*** Begin section ***
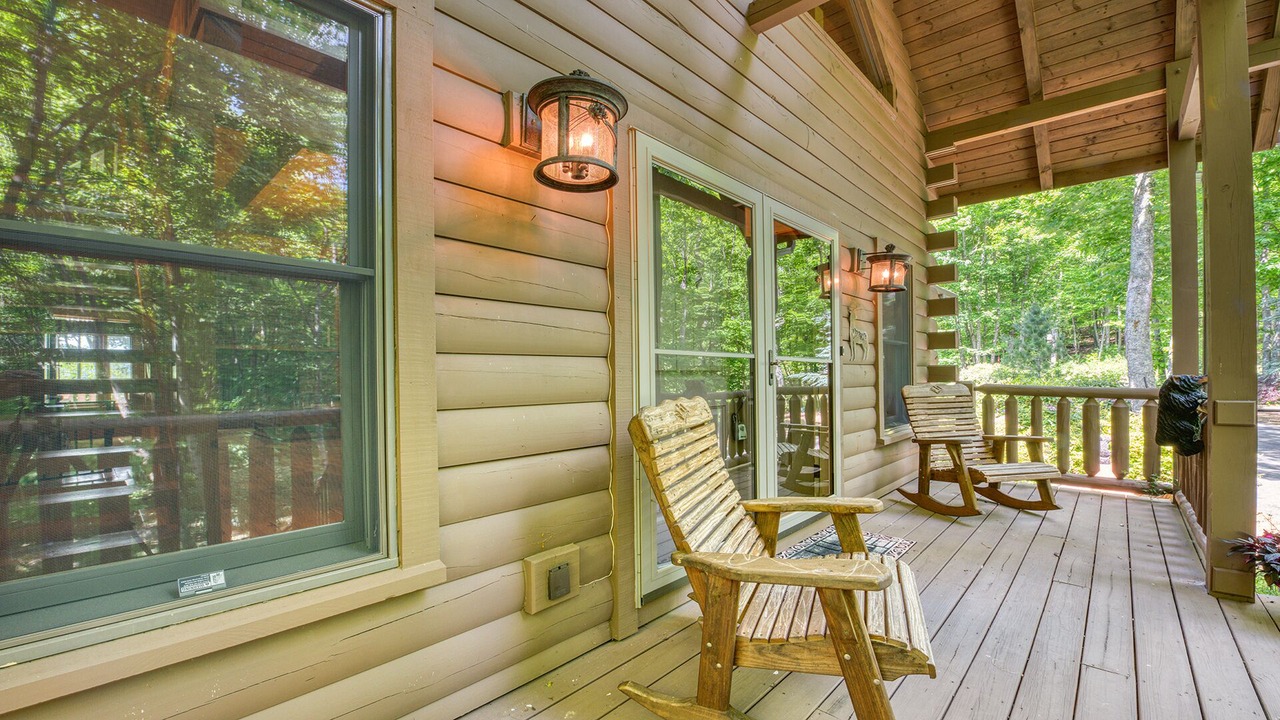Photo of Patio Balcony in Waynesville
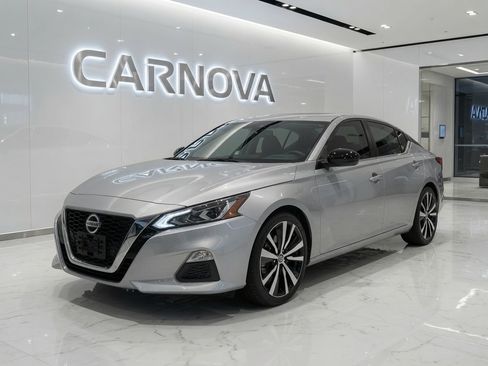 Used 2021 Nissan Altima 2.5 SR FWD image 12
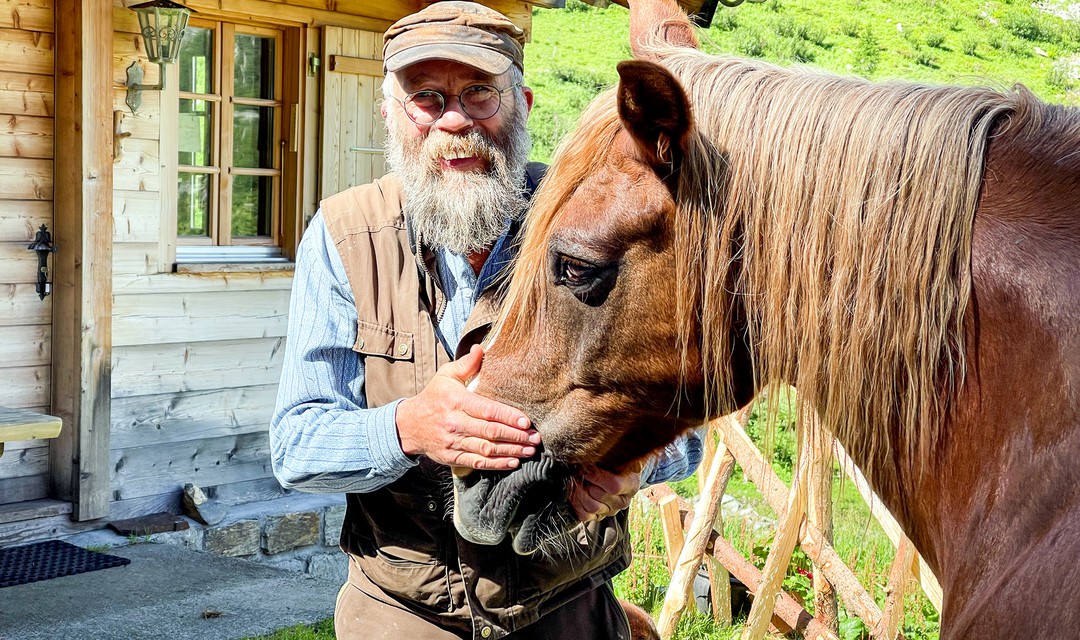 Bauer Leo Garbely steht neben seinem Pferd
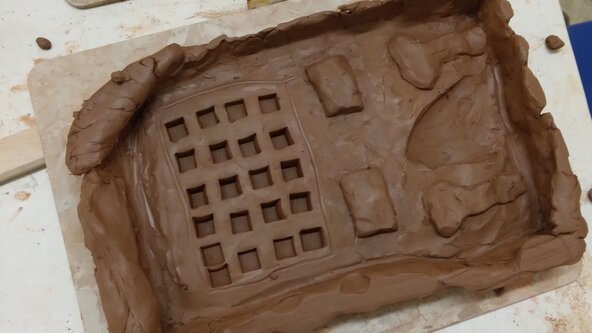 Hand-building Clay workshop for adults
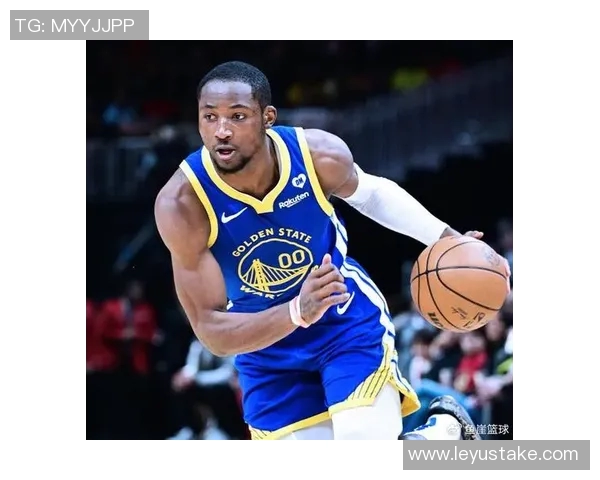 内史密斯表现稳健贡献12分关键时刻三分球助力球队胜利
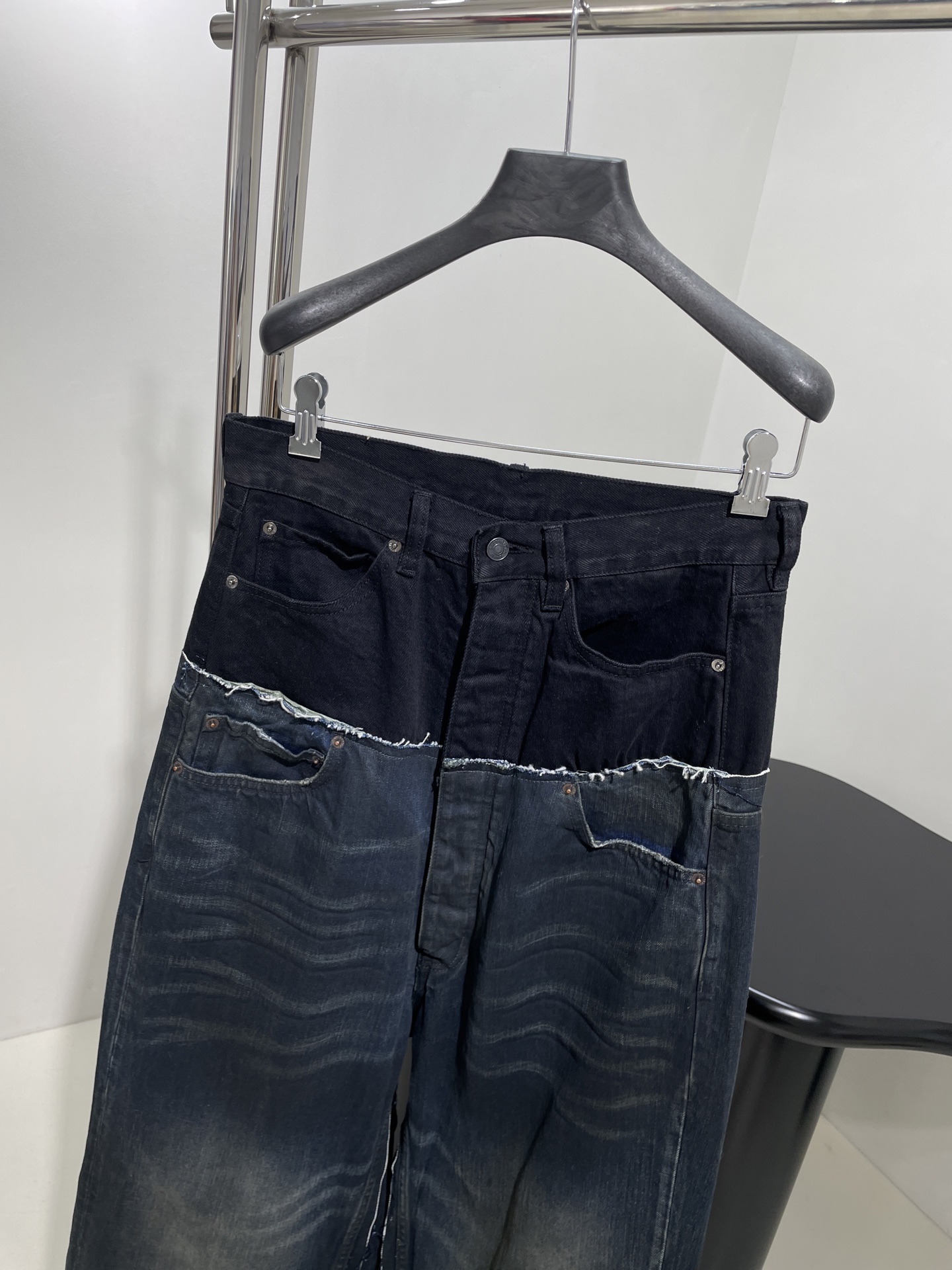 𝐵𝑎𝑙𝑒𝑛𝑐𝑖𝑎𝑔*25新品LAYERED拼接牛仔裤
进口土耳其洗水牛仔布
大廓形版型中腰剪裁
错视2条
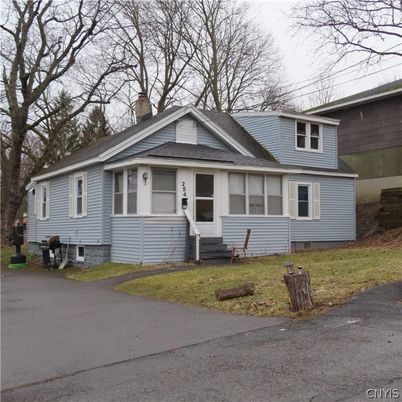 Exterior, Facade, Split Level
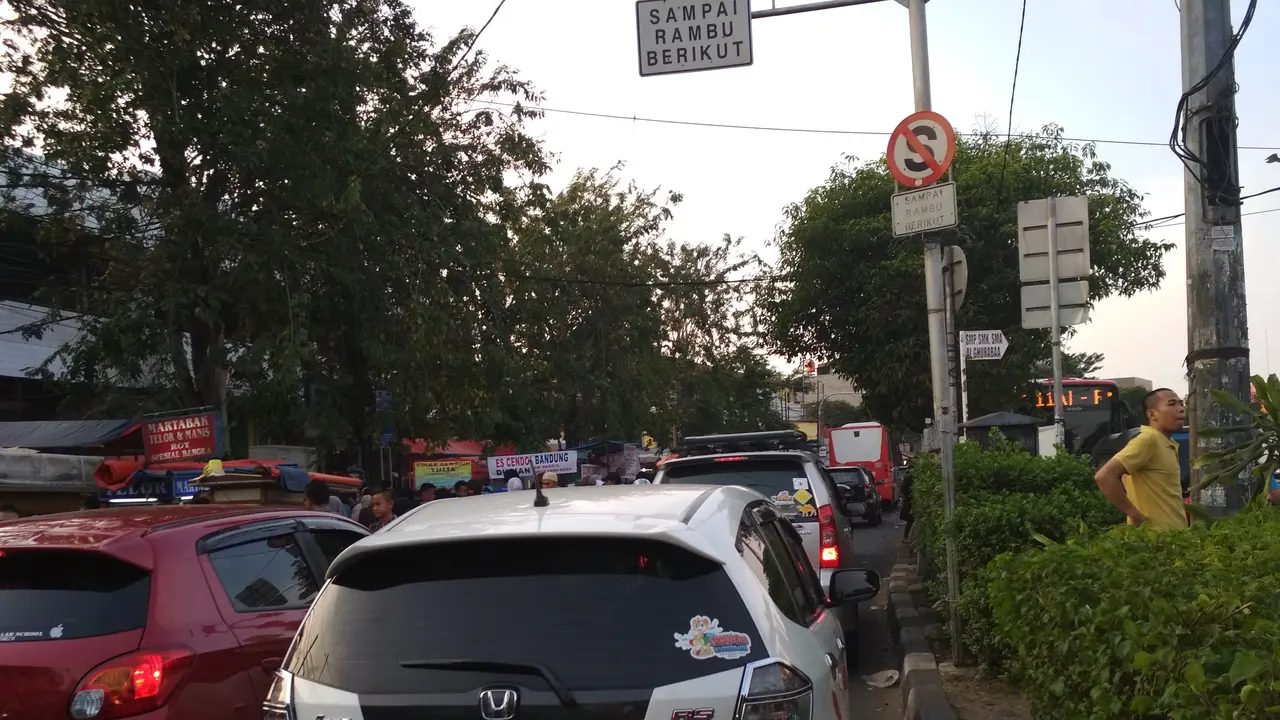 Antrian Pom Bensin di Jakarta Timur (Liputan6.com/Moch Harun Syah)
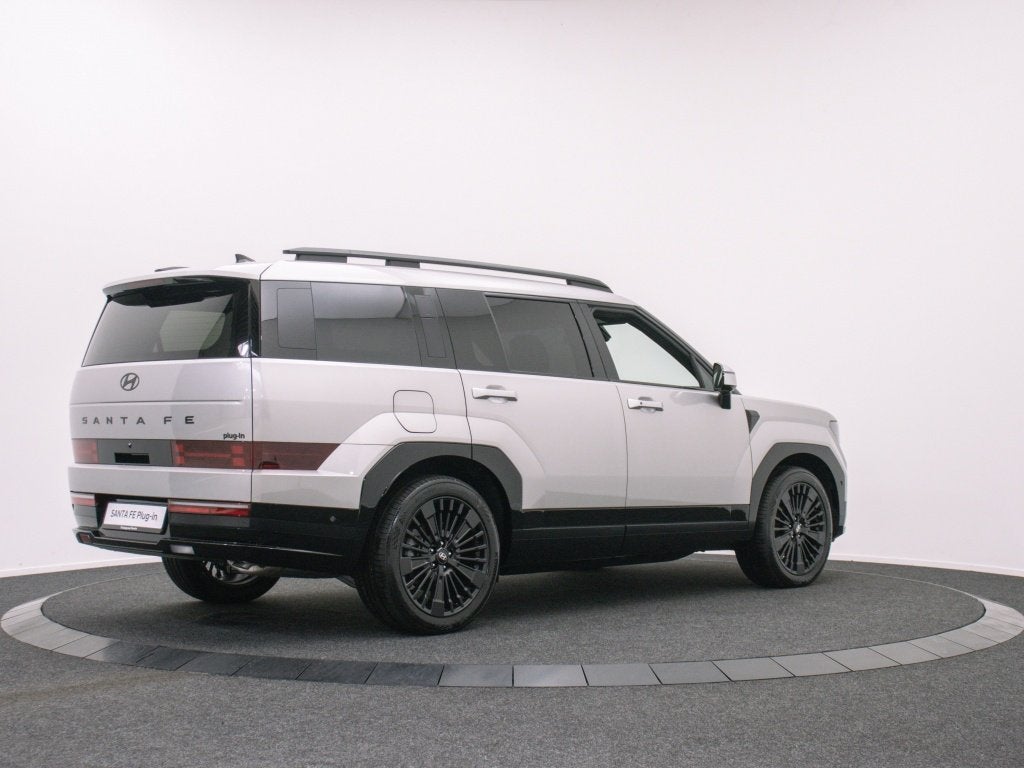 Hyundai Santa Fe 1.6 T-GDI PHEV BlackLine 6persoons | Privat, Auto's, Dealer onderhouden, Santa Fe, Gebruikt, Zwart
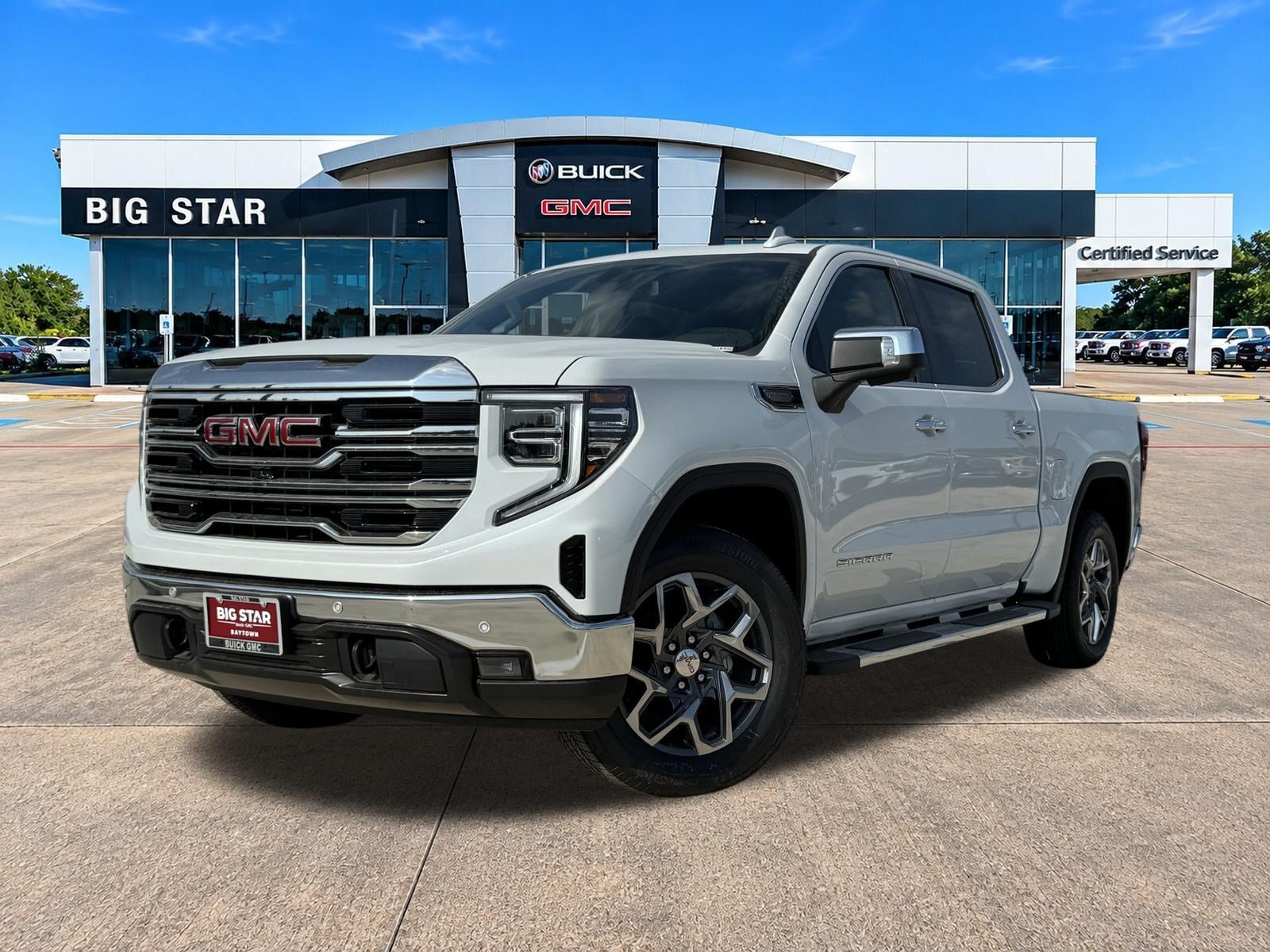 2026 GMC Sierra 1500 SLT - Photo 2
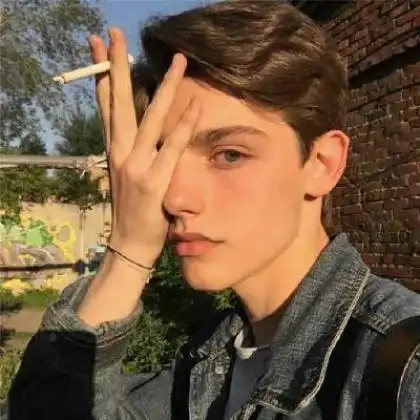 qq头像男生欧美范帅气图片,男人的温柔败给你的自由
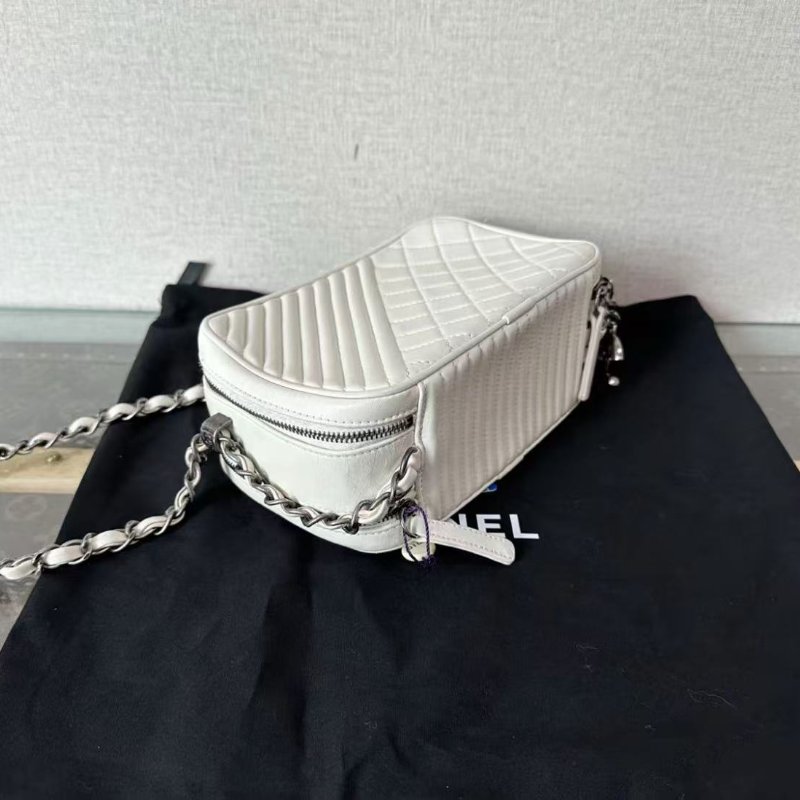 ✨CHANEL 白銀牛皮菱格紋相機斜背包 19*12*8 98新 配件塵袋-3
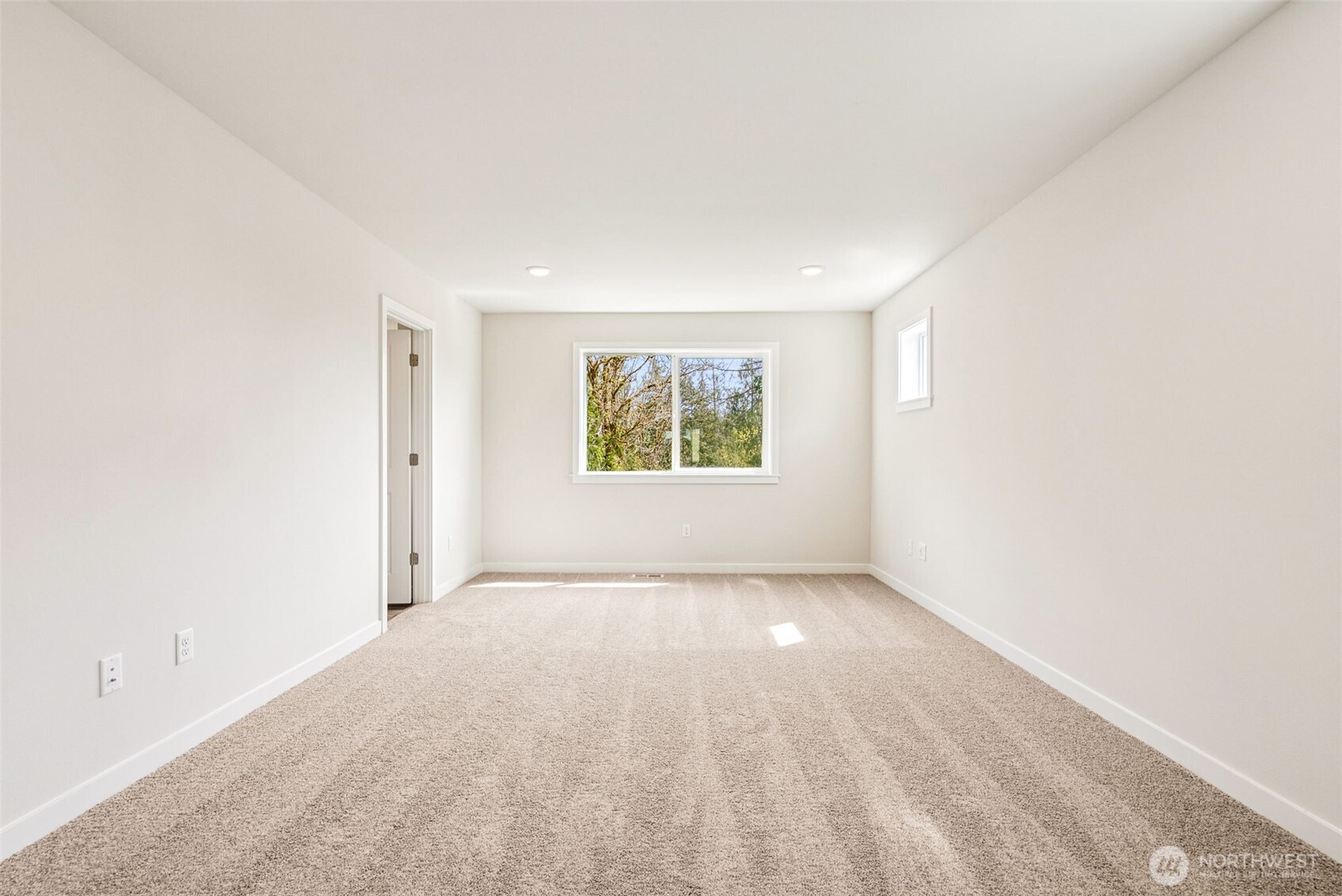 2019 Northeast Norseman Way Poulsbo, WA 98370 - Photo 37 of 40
*** End section ***
● HOW TO COMPLETE THIS TASK
Repeat each of the records exactly as written, except for the pictures, which are to be left out.

● ANSWER
Photo of Patio Balcony in Waynesville
 Used 2021 Nissan Altima 2.5 SR FWD image 12
 Bauer Leo Garbely steht neben seinem Pferd
 Hand-building Clay workshop for adults
 内史密斯表现稳健贡献12分关键时刻三分球助力球队胜利
 𝐵𝑎𝑙𝑒𝑛𝑐𝑖𝑎𝑔*25新品LAYERED拼接牛仔裤
进口土耳其洗水牛仔布
大廓形版型中腰剪裁
错视2条
 Exterior, Facade, Split Level
 Antrian Pom Bensin di Jakarta Timur (Liputan6.com/Moch Harun Syah)
 Hyundai Santa Fe 1.6 T-GDI PHEV BlackLine 6persoons | Privat, Auto's, Dealer onderhouden, Santa Fe, Gebruikt, Zwart
 2026 GMC Sierra 1500 SLT - Photo 2
 qq头像男生欧美范帅气图片,男人的温柔败给你的自由
 ✨CHANEL 白銀牛皮菱格紋相機斜背包 19*12*8 98新 配件塵袋-3
 2019 Northeast Norseman Way Poulsbo, WA 98370 - Photo 37 of 40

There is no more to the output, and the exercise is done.